■ **Work request**
Given the records below, the lines starting at the line with "Silver Metal Clear" and ending at the line with "HOMCOM Banc de" should be output exactly, both end lines kept and pictures left out.

■ **Extracted data**
━━━
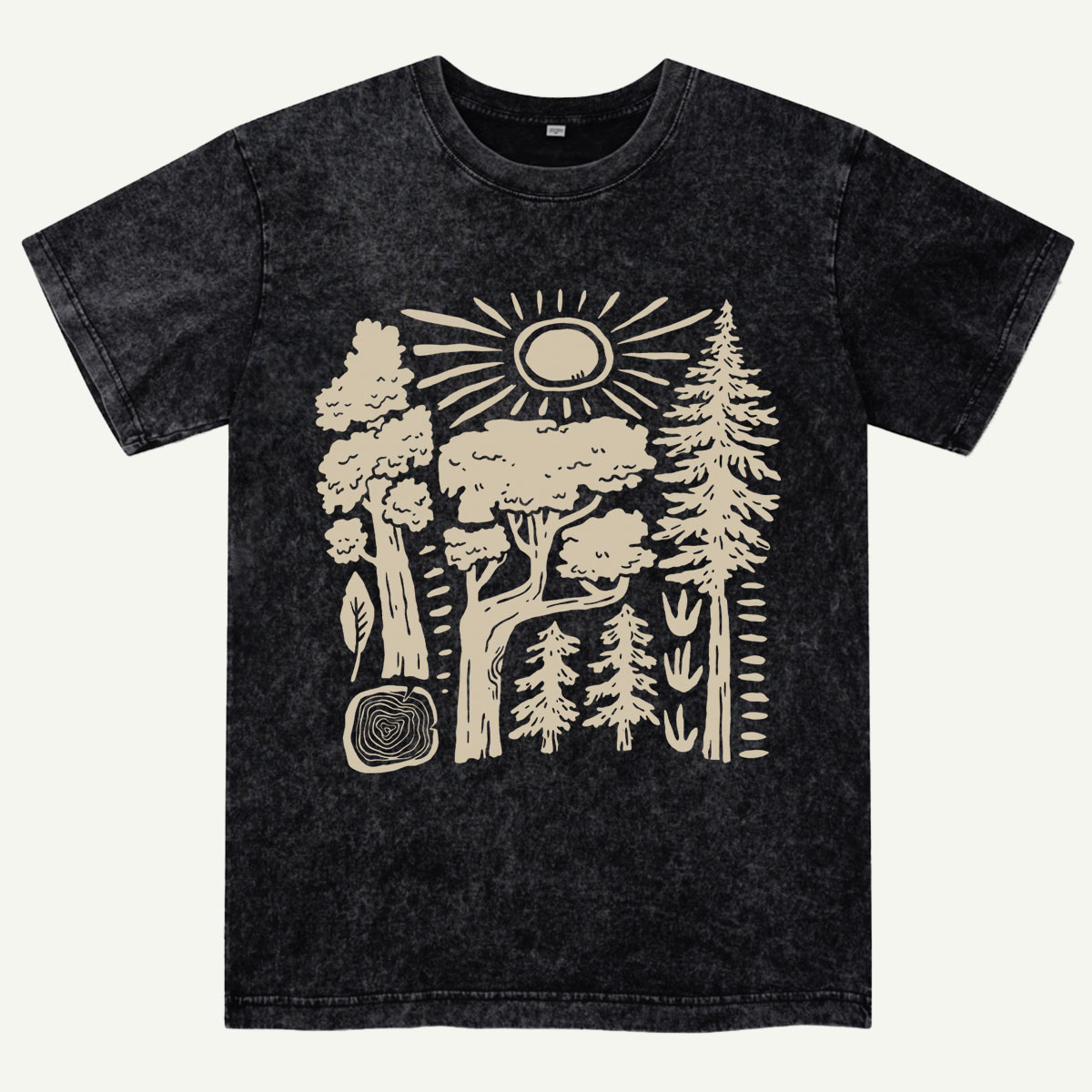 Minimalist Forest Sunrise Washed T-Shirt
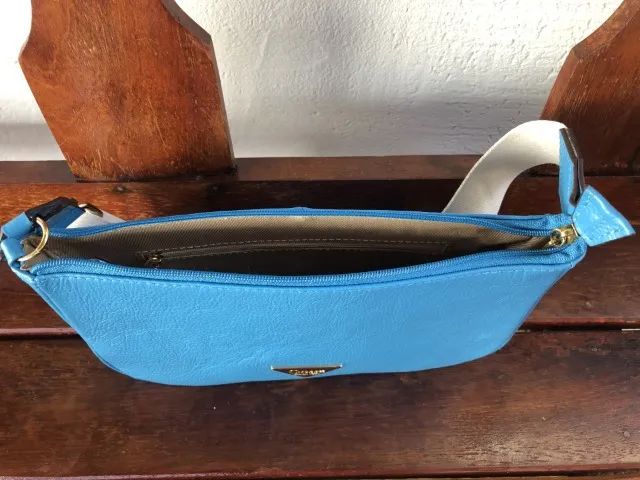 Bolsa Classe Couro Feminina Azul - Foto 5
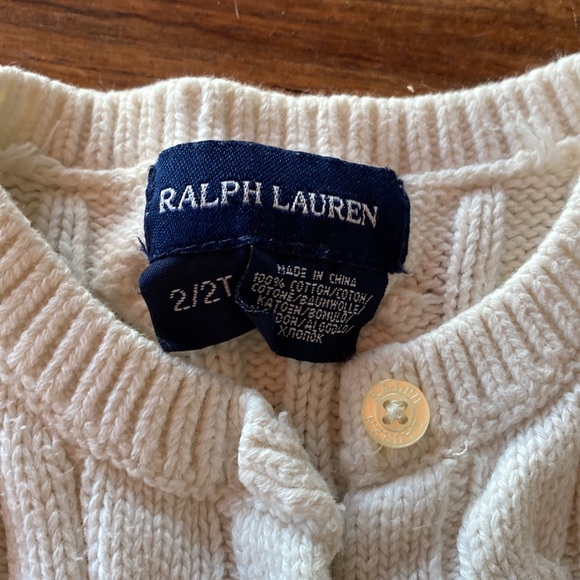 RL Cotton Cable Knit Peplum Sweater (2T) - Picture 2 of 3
━━━
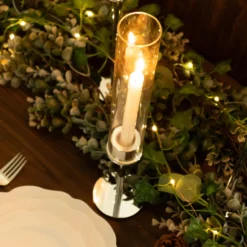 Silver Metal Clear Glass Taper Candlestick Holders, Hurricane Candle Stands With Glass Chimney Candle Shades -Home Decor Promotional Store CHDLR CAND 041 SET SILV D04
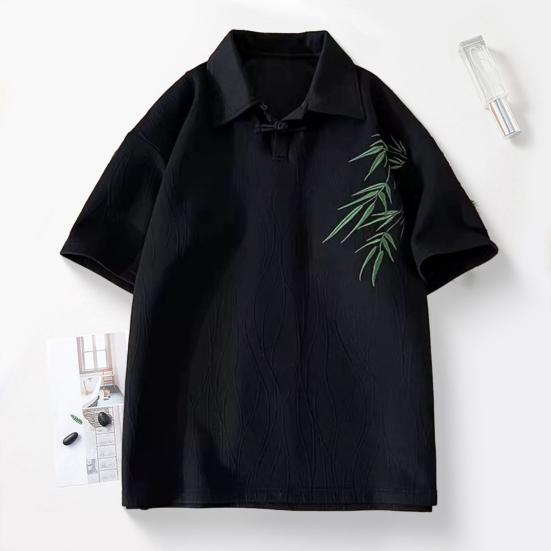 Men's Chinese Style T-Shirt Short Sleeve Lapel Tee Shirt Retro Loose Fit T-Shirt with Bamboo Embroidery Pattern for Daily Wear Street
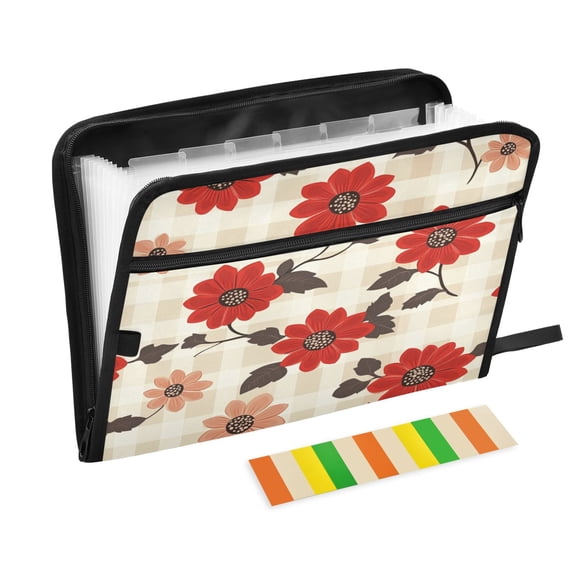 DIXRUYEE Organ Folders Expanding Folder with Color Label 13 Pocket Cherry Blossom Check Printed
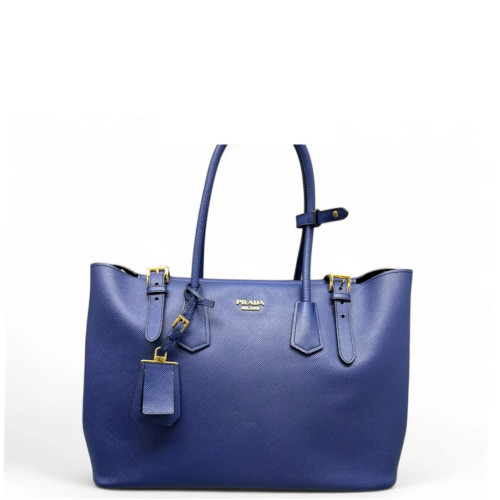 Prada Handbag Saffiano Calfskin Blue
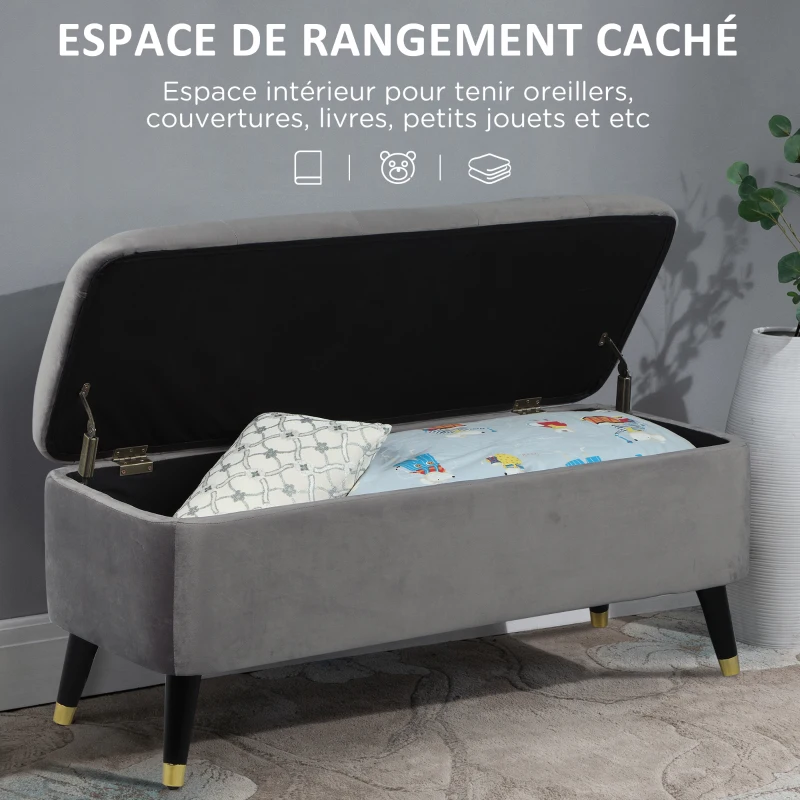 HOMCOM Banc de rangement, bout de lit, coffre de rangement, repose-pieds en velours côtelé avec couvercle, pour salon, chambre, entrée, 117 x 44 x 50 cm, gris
━━━
■ **Response**
 Silver Metal Clear Glass Taper Candlestick Holders, Hurricane Candle Stands With Glass Chimney Candle Shades -Home Decor Promotional Store CHDLR CAND 041 SET SILV D04
 Men's Chinese Style T-Shirt Short Sleeve Lapel Tee Shirt Retro Loose Fit T-Shirt with Bamboo Embroidery Pattern for Daily Wear Street
 DIXRUYEE Organ Folders Expanding Folder with Color Label 13 Pocket Cherry Blossom Check Printed
 Prada Handbag Saffiano Calfskin Blue
 HOMCOM Banc de rangement, bout de lit, coffre de rangement, repose-pieds en velours côtelé avec couvercle, pour salon, chambre, entrée, 117 x 44 x 50 cm, gris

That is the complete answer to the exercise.